Within general building management and maintenance there is a convention of using SFG20, the standard maintenance specification for building engineering services and healthcare facilities use the Health Technical Memoranda (HTMs). Both provide access to a growing library of comprehensive maintenance schedules and contain prescriptive lists of what you should do, and when, for good reasons – poorly performed maintenance can pose health and safety risks.

The moment you start to use the data available from building management systems (BMS), though, things get interesting. It’s at that point that building managers can start to optimise maintenance activity. As such, there’s a move towards a more optimised approach to building management, combining the insights provided by a modern BMS in conjunction with established maintenance schedules.

There’s no doubt that the existing regulations are useful, but they are also really prescriptive; a rigidity that is being challenged by modern BMS technology, which can be integrated into planned maintenance and deliver more flexibility.

For example, data gathered from BMS technology can advise when an air filter needs changing instead of based on a set schedule. This gives the building manager advanced warning to arrange for the works to be carried out, allowing for a proactive approach, rather than reactive. This helps provide a higher standard of care for building occupants and potentially save money by changing filters based on need versus a maintenance schedule to avoid costly, unnecessary filter changes.

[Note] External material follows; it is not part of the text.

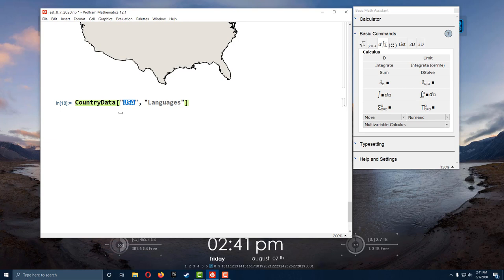I know this video was kind of long, but I just wanted to give you an overview — touching several topics in Mathematica, just to show you how powerful this software is and how it can be used in several topics other than mathematics. That's all I have to say for today. Thank you for watching. Take care and good luck.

So where does this leave us? There’s a comprehensive discussion to be had with The Building Engineering Services Association (BESA), which writes the SFG20, around how it could work with an organisations, industry and the education communities to put together a new version of the regulations that allows for enhanced levels of optimisation driven by ever-evolving technology. There is a strong rationale for examining SFG20 and its role in supporting the creation of the building management system of the future.

These are the sorts of industry-leading debates and discussions that students at Leeds Beckett University’s School of Built Environment, Engineering and Computing are learning about as a part of their studies and how to manage buildings of the future within specified recommendations.